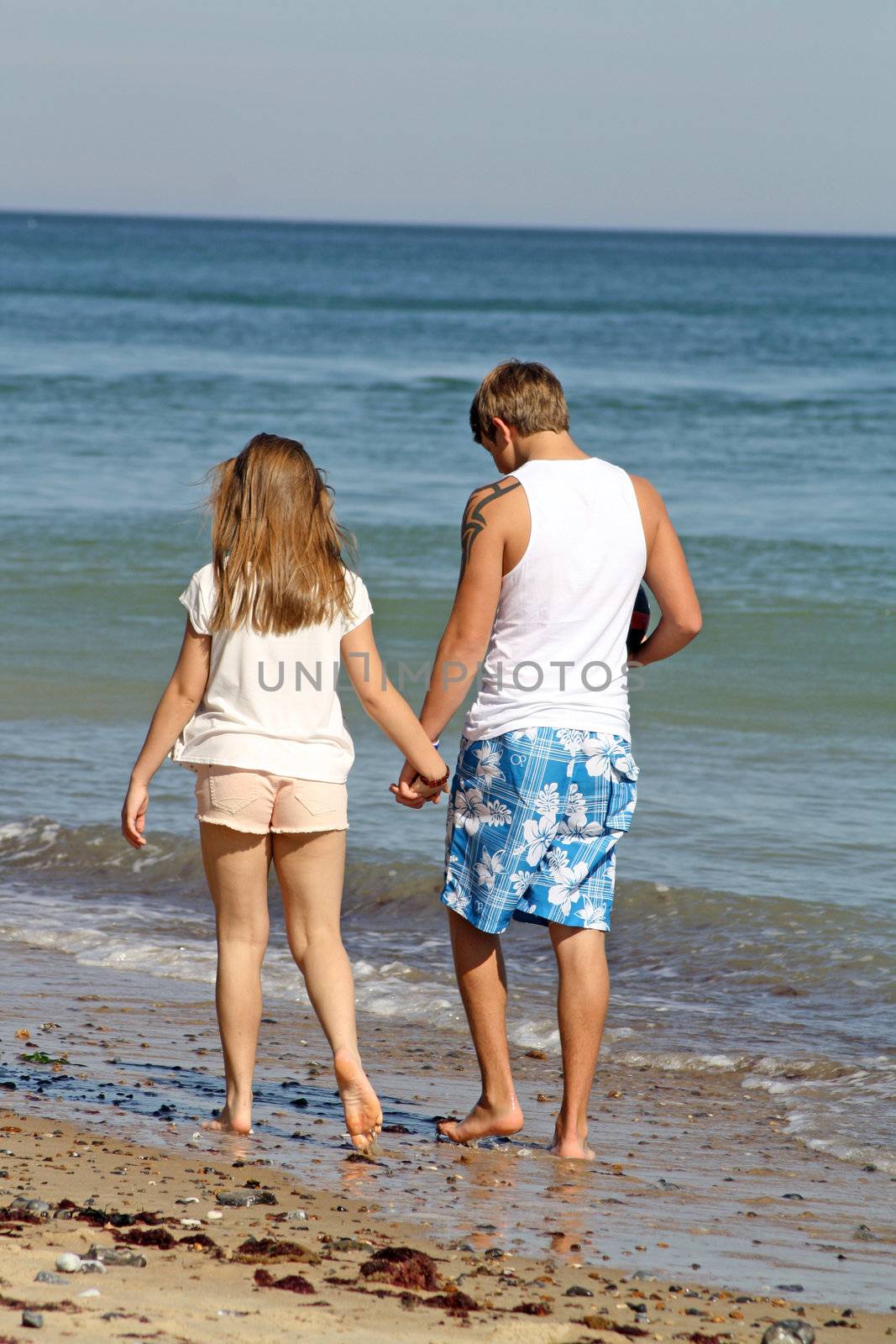 teenagers walking along the beach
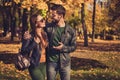 Photo of positive romantic couple talk walk in autumn september town park wear backpack casual jacket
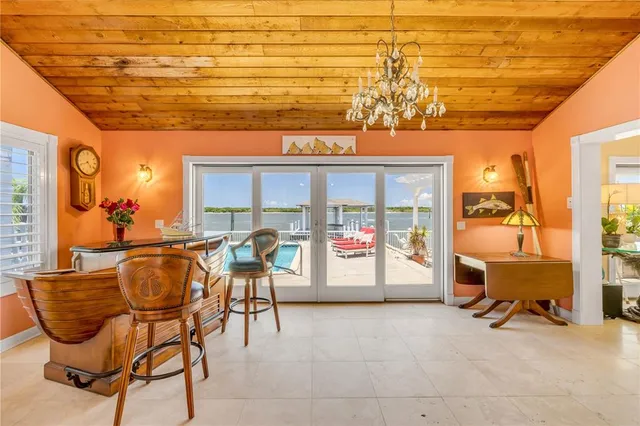 a view of a big room with chandelier fan and windows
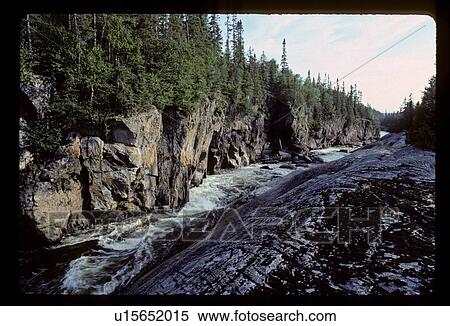 Rushing river with cliffs View Large Photo Image Stock Photography - Rushing river with cliffs . Fotosearch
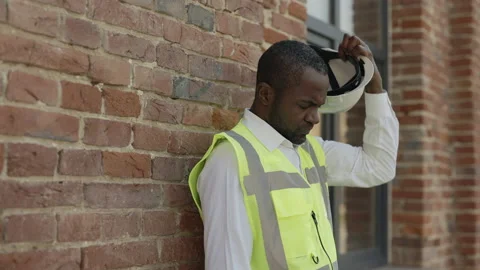 Frustrated engineer taking off helmet while standing outdoor Video stock 197081112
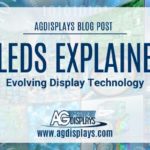 A background composed of overlapping and slightly transparent images related to digital technology and screens, overlaid with a white banner stating "AGDISPLAYS BLOG POST" at the top, followed by "OLEDS EXPLAINED Evolving Display Technology," and the AGDisplays logo with "www.agdisplays.com" at the bottom. The color palette is vibrant with blues, greens, and hints of red.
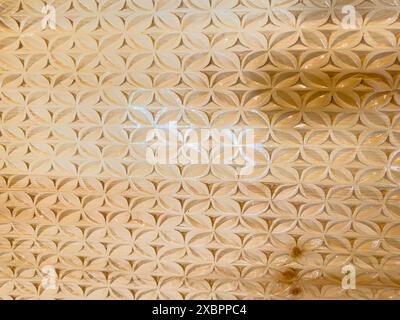 Close-Up of Decorative Wood Carving Pattern. Detailed Handcrafted Wooden Texture Background.. Stock Photo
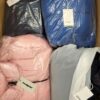 The photo shows a package with clothing in the category AJW.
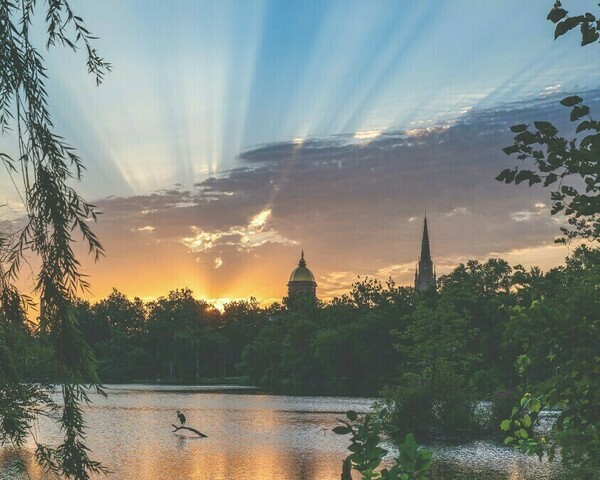 Strategic Framework signature image, sunrise over the lake with the golden dome in the background.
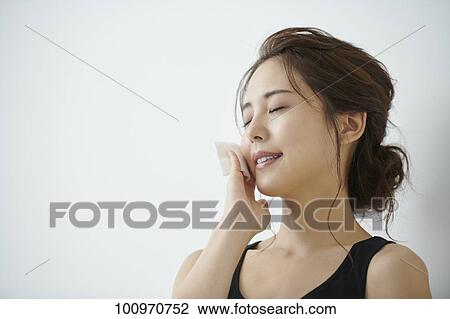 Studio portrait of attractive young Japanese woman View Large Photo Image Stock Image - Studio portrait of attractive young Japanese woman. Fotosearch
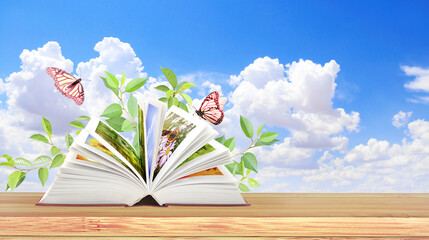 Book of nature. Horizontal banner with book open, green leaves and two butterflies on wood table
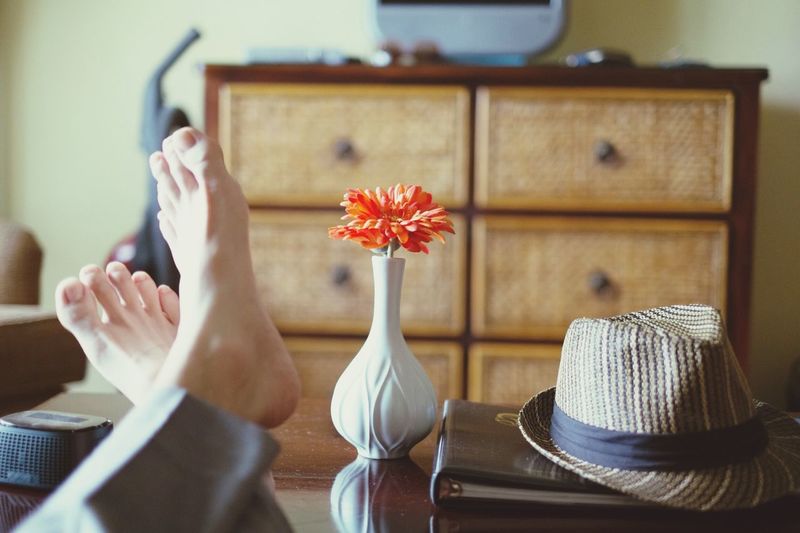 Close-up of persons feet resting on coffee table near vase and hat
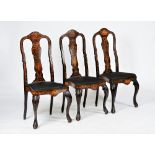 A set of three Dutch mahogany and marquetry inlaid side chairs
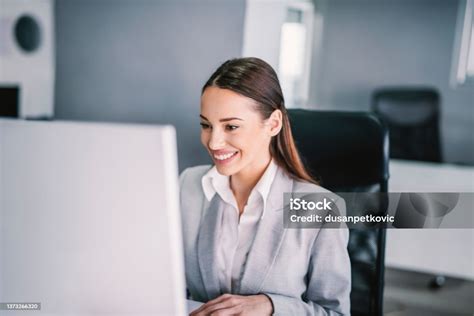 Donna incinta in ufficio che sorride al computer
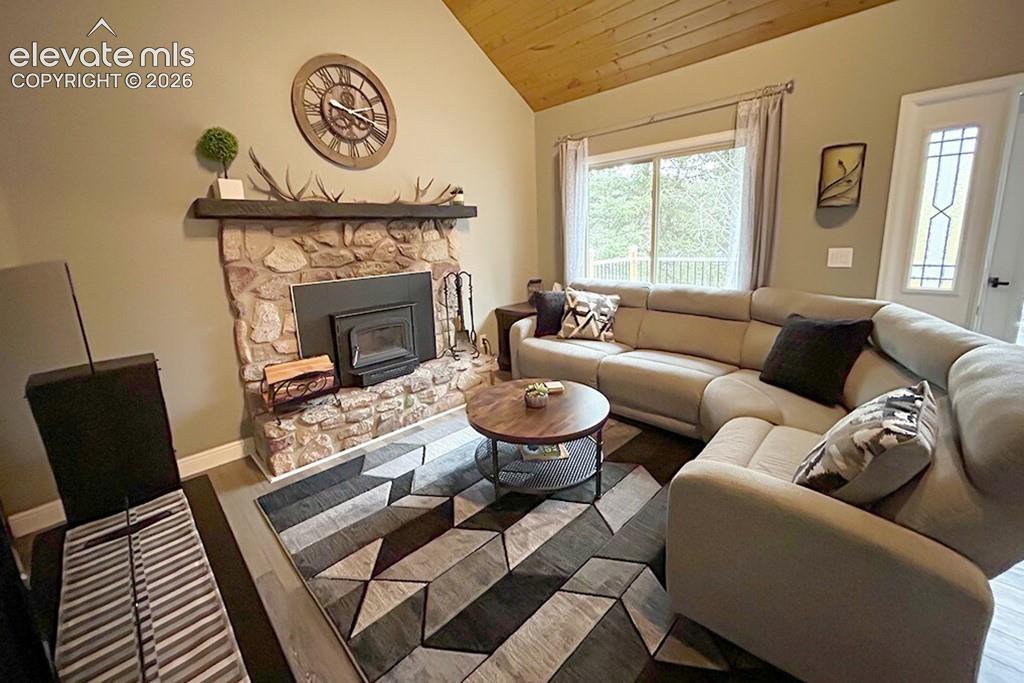 Image 13 of 32: Family room featuring vaulted wood-finish ceiling, beautiful stone fireplac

=-=-=-=-=

Copy the listing above verbatim, leaving out pictures.

**Response**
 teenagers walking along the beach
 Photo of positive romantic couple talk walk in autumn september town park wear backpack casual jacket
 a view of a big room with chandelier fan and windows
 Rushing river with cliffs View Large Photo Image Stock Photography - Rushing river with cliffs . Fotosearch
 Frustrated engineer taking off helmet while standing outdoor Video stock 197081112
 A background composed of overlapping and slightly transparent images related to digital technology and screens, overlaid with a white banner stating "AGDISPLAYS BLOG POST" at the top, followed by "OLEDS EXPLAINED Evolving Display Technology," and the AGDisplays logo with "www.agdisplays.com" at the bottom. The color palette is vibrant with blues, greens, and hints of red.
 Close-Up of Decorative Wood Carving Pattern. Detailed Handcrafted Wooden Texture Background.. Stock Photo
 The photo shows a package with clothing in the category AJW.
 Strategic Framework signature image, sunrise over the lake with the golden dome in the background.
 Studio portrait of attractive young Japanese woman View Large Photo Image Stock Image - Studio portrait of attractive young Japanese woman. Fotosearch
 Book of nature. Horizontal banner with book open, green leaves and two butterflies on wood table
 Close-up of persons feet resting on coffee table near vase and hat
 A set of three Dutch mahogany and marquetry inlaid side chairs
 Donna incinta in ufficio che sorride al computer
 Image 13 of 32: Family room featuring vaulted wood-finish ceiling, beautiful stone fireplac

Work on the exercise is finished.